#### The problem:
Starting with the line containing "Piggy Pirate Ship 75825" and going on through the line containing "Minitude Nordic KIAN Opbevaringsbænk, Natur", return the lines of the data below exactly, and only those.

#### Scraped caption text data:
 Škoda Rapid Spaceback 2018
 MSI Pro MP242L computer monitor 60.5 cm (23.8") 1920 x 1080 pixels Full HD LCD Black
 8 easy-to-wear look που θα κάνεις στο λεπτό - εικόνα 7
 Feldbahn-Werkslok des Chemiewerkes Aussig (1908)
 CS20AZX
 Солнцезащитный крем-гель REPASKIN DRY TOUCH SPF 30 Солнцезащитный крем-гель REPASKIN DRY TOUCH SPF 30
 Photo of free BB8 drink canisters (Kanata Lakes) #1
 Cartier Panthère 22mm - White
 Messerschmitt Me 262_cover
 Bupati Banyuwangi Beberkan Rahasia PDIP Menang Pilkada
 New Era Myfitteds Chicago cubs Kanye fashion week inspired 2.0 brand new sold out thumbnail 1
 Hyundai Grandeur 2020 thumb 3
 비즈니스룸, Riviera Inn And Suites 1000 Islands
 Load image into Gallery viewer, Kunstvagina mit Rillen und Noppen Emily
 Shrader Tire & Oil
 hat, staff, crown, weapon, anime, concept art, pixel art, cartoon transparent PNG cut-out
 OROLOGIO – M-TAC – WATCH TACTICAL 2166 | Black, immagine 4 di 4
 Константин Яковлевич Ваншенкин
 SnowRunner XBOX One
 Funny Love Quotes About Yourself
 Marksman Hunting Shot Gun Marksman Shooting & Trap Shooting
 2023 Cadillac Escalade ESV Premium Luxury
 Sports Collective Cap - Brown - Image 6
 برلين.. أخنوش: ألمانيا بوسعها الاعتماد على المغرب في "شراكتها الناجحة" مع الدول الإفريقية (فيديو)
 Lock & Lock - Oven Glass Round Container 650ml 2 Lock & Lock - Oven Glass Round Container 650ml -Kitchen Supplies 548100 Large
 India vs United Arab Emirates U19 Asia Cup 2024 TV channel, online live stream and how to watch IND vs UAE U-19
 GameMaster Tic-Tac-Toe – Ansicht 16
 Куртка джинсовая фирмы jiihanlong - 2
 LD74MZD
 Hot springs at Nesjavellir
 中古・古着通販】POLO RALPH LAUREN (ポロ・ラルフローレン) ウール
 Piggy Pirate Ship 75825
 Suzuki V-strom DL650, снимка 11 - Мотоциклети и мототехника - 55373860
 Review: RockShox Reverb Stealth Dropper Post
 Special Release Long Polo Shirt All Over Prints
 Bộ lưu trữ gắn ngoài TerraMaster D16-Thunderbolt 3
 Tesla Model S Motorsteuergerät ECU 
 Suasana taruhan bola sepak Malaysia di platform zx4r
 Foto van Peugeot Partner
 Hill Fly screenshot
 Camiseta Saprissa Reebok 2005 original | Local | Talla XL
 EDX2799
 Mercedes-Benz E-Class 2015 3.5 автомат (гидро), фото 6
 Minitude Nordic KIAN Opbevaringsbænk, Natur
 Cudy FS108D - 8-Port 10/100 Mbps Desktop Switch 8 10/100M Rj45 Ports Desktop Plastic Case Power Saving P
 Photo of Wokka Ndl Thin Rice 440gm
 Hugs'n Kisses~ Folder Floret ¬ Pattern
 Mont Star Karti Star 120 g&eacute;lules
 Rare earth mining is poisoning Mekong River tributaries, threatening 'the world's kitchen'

#### Response to this exercise:
 Piggy Pirate Ship 75825
 Suzuki V-strom DL650, снимка 11 - Мотоциклети и мототехника - 55373860
 Review: RockShox Reverb Stealth Dropper Post
 Special Release Long Polo Shirt All Over Prints
 Bộ lưu trữ gắn ngoài TerraMaster D16-Thunderbolt 3
 Tesla Model S Motorsteuergerät ECU 
 Suasana taruhan bola sepak Malaysia di platform zx4r
 Foto van Peugeot Partner
 Hill Fly screenshot
 Camiseta Saprissa Reebok 2005 original | Local | Talla XL
 EDX2799
 Mercedes-Benz E-Class 2015 3.5 автомат (гидро), фото 6
 Minitude Nordic KIAN Opbevaringsbænk, Natur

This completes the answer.